Probably 10 years ago I wondered to myself - what if the Chinese had installed a “time bomb” in every major computer chip they sold? Not a bomb that explodes, just a feature that would disable the chip when it received some signal, or even reached a certain date. Perhaps they have been doing this for a decade. At the right time every device that uses their chips, billions of them, just go dead. Every cell phone, every computer, every router, every WIFI hub. Even the menu screens at McDonald’s. The banking system. Your TV set. Complete chaos and then they can make whatever move they have been planning. I was thinking along the lines of a novel but the real life pager situation has proven how effective this tactic can be.
Perhaps it’s not central to your scenario, but it’s worth pointing out that, contrary to what one might think, Taiwan, not China, is the world’s largest exporter of integrated circuits, aka computer chips.
I assumed this was Jeep’s business model.

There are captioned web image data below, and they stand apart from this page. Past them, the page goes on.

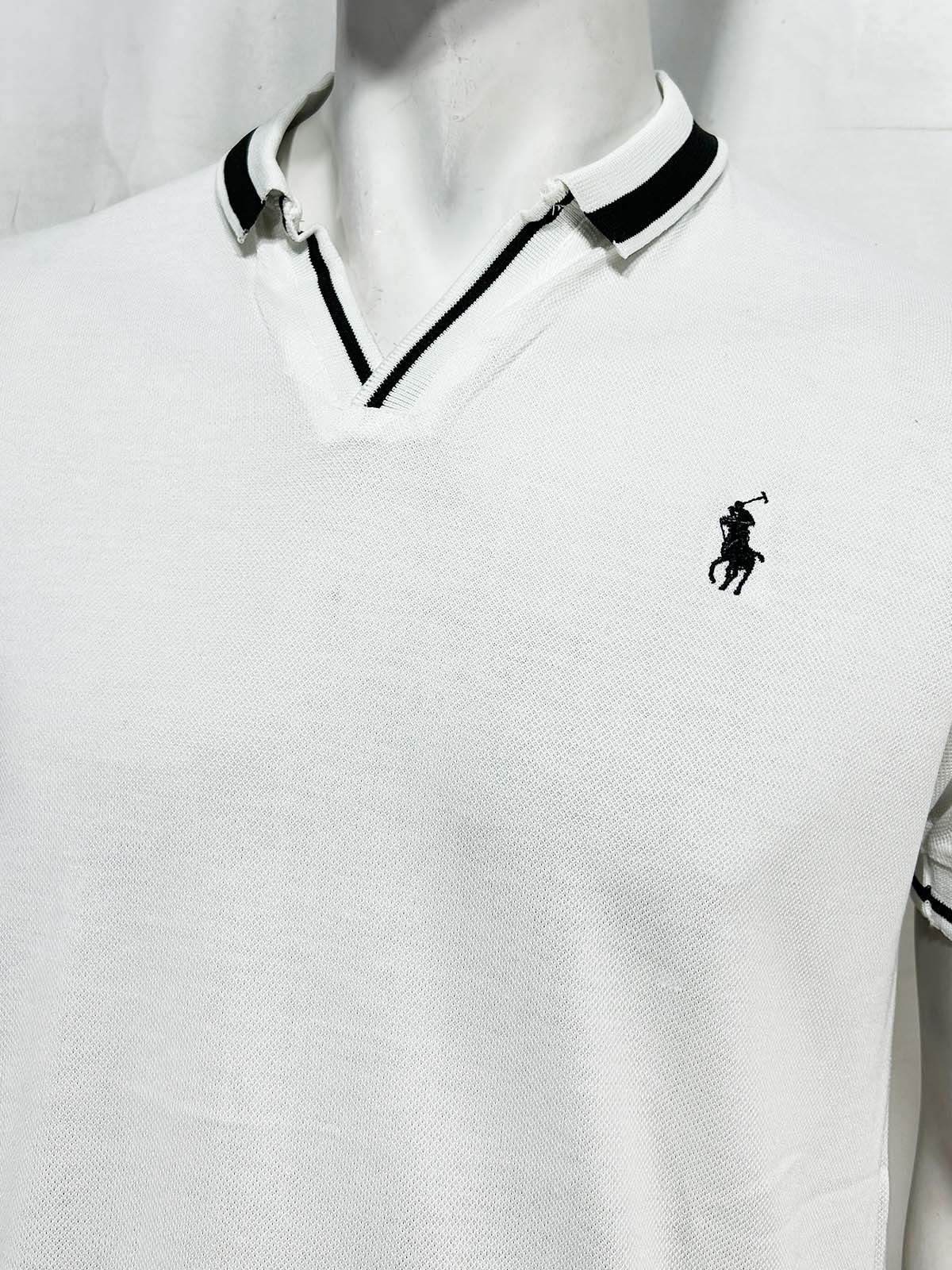 White V Polo T-Shirt For Men MTS436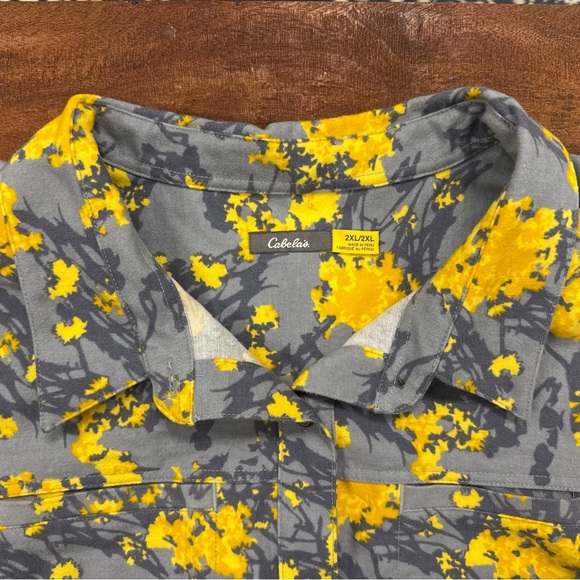 Cabela’s Women’s Floral Flannel Button-Up Shirt Yellow & Gray 2XL Pima Cotton - Picture 2 of 6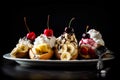 Banana split piled high with ice cream, sliced bananas, whipped cream, chocolate syrup.. AI generated Royalty Free Stock Photo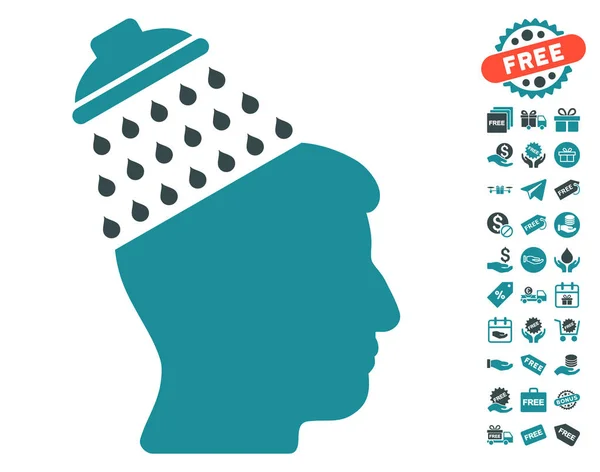 Icono de ducha cerebral con bono gratis — Vector de stock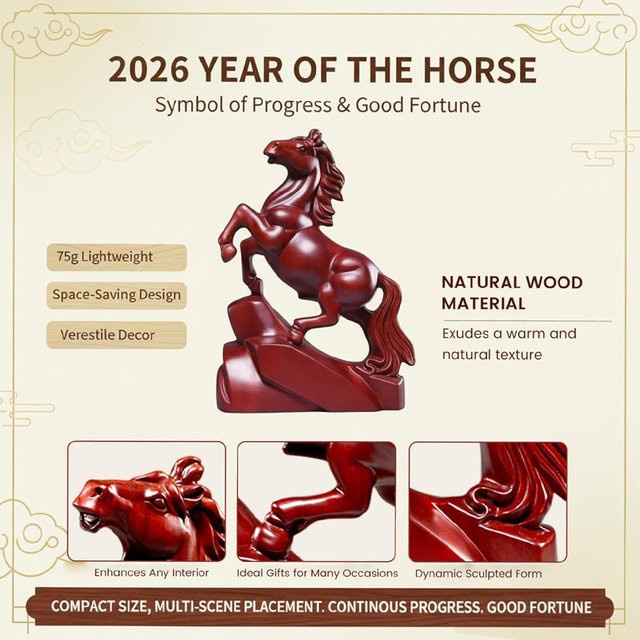 DOORSACCERY Pferd-Statue 2026 Sternzeichen als chinesische Neujahrsdekoration in Schwarz - Bild 1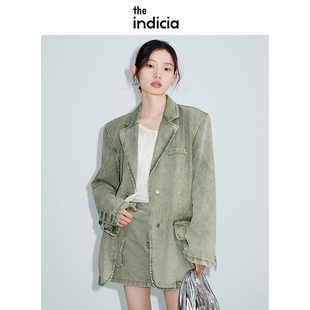 indicia标记春季新款品质女装纯棉复古绿色牛仔西装外套女休闲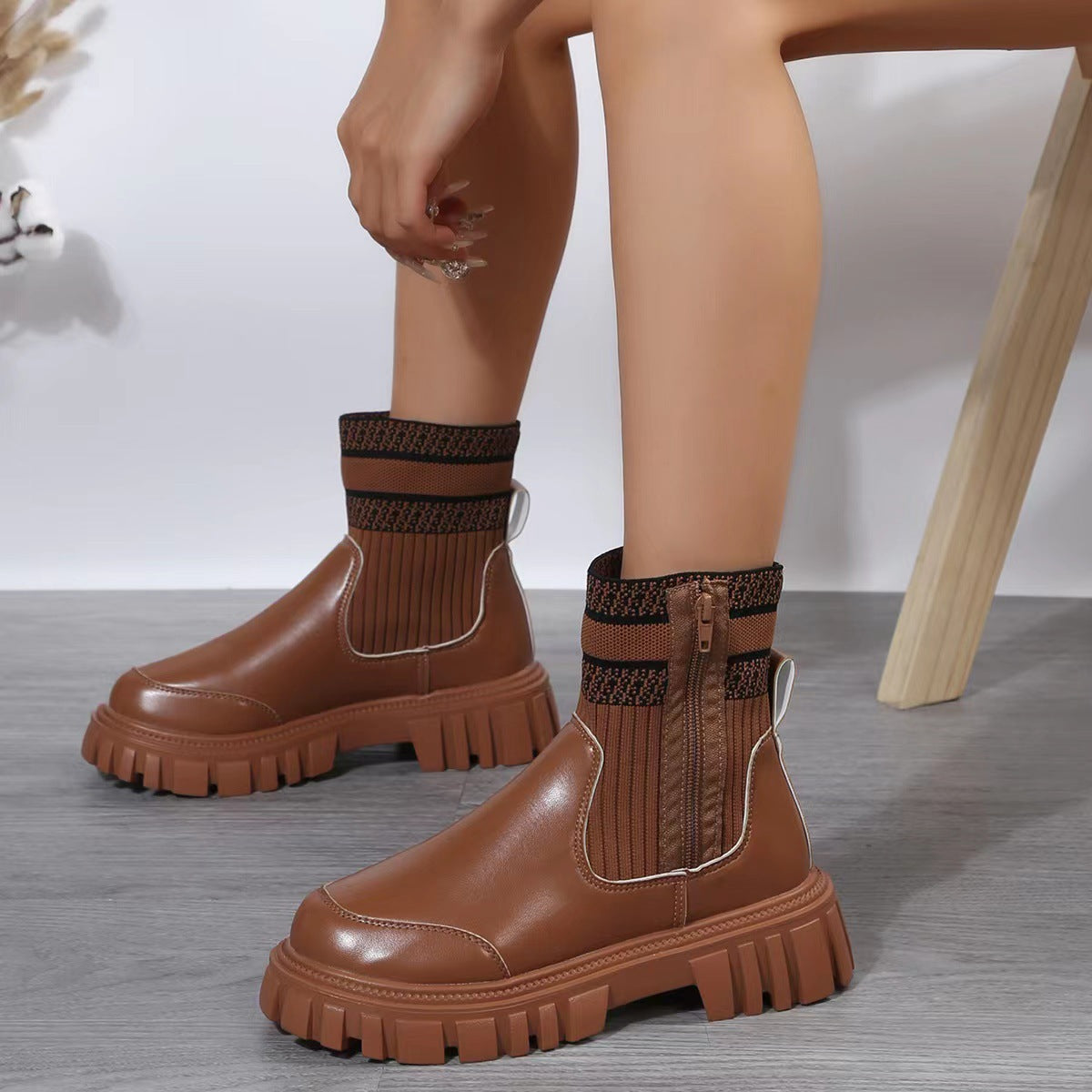 Women's chunky Chelsea boots with ribbed knit sock shaft and lug platform sole - view 3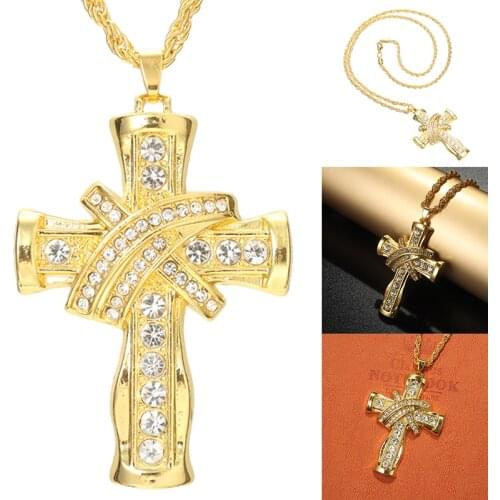 Luxury Crystal Cross Necklace Exquisite Rhinestone Long Chain Necklace Men Women Punk Hip Hop Jewelry Male Party Necklace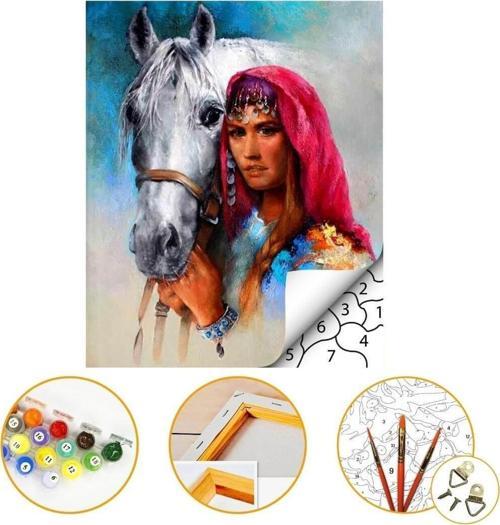 Remzi İren - Atlı Kız - Sayılarla Boyama Seti Kasnaklı 40x50cm Boyalar ve Fırçalar Dahil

Taiwan Semiconductor Manufacturing Conpany, Ltd. produces the majority of very large scale integration (VSLI) integrated circuits, and particularly those at the 7nm and smaller scale and below that are used in modern laptops and high performance computing, but produces a lot of chips for integrated device manufacture, non-critical performance and embedded microcontrollers for IoT and applicance applications, mobile devices, BIOS chips (back before UEFI became standard), et cetera. The idea of having a hardware backdoor into these devices is not novel, and since the ‘Nineties hardware security analysts break down and reverse engineer many of not most of the common chipsets to look for vulnerabilities and backdoors, albeit originally out of concern that the United States might try to implement embedded surveillance (look up “Clipper Chip”).
Of course, the consumer grade embedded hardware is not secure-by-design (i.e. it is possible with just basic physical access to load unsigned firmware onto it), and most IoT and Internet-accessible systems like automotive and industrial CAN bus systems have little to no command authentication or encryption on them, so you don’t even need a hardware backdoor when you can just hack into the infotainment system of a Jeep and from there send signals to kill the engine controller or cause the transmission to lock up in Park.
Stranger
Please use your super abilities for good not evil.
“With great powers come great responsibilities…” Peter Parker’s Uncle Ben
This is not my experience. (Well, it might be technically true since you specified “load” and not “execute.” ) For production secure devices that I’ve worked on, including some mass market cell phones, a signature check is performed before executing non-ROM code. Unless you are suggesting a different level of vulnerability, which is potentially possible.